Great defensive game of Spain. Pau Gasol 25 points, 9 rebounds.

I can't find the boxscore. The official web doesn't work.

I'm sooooo happy!!!


----------



## robyg1974 (Jul 19, 2002)

God, we should've seen this coming, huh? Yugoslavia's players were obviously too busy thinking about their eventual potential matchup with the U.S., they overlooked Spain. WHY didn't we see this COMING, huh?

Of course, it's double-elimination, right? Two teams make it out of each bracket, and then the teams get re-seeded in a single-elimination bracket? Right?


----------



## JGKoblenz (Jul 19, 2002)

Wrong
3 teams out of each bracket...


----------



## Wilt_The_Stilt (Jun 7, 2002)

I am so glad Yugoslavia lost :yes:


----------



## harper time (Aug 24, 2002)

Yeah, I hate Yugoslabia since Vlade is on it. 

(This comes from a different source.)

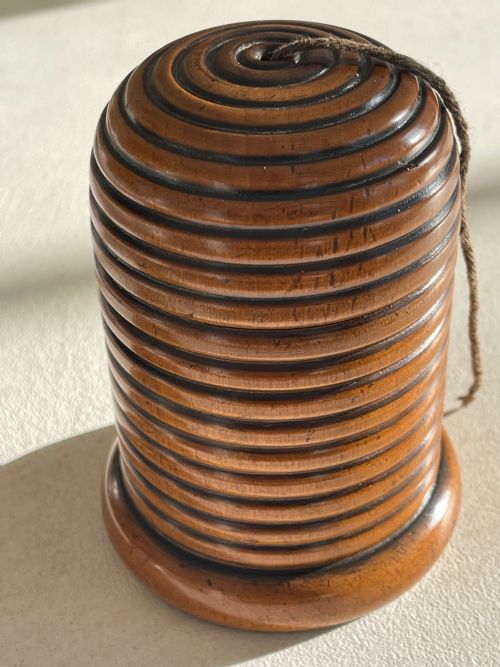 AN ANTIQUE BEE HIVE STRING BOX - ADDITIONAL PHOTO 2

Well, gracias Spain! :yes:


----------



## untitled (Jun 22, 2002)

here is a little article on the game. nice game played by both teams :yes: 

http://sports.yahoo.com/nba/news/ap/20020830/ap-spain-yugoslavia.html


----------



## SLiM9287 (Jul 2, 2002)

Is n e one watching the usa germany game iz the 3rd quarter tight now and its tied 67 all. I just turned on the tv expected to see a blow out.


----------



## GoCocs9188 (Jul 19, 2002)

USA team is really lucky to have Paul Pierce. He's taking over the game!


----------



## SLiM9287 (Jul 2, 2002)

LOL and the US wins by like 15 i think not positive


----------



## <<<D>>> (Jul 15, 2002)

> Originally posted by <b>harper time</b>!
> Yeah, I hate Yugoslabia since Vlade is on it.
> 
> Well, gracias Spain! :yes:



Yeah And Peja too


----------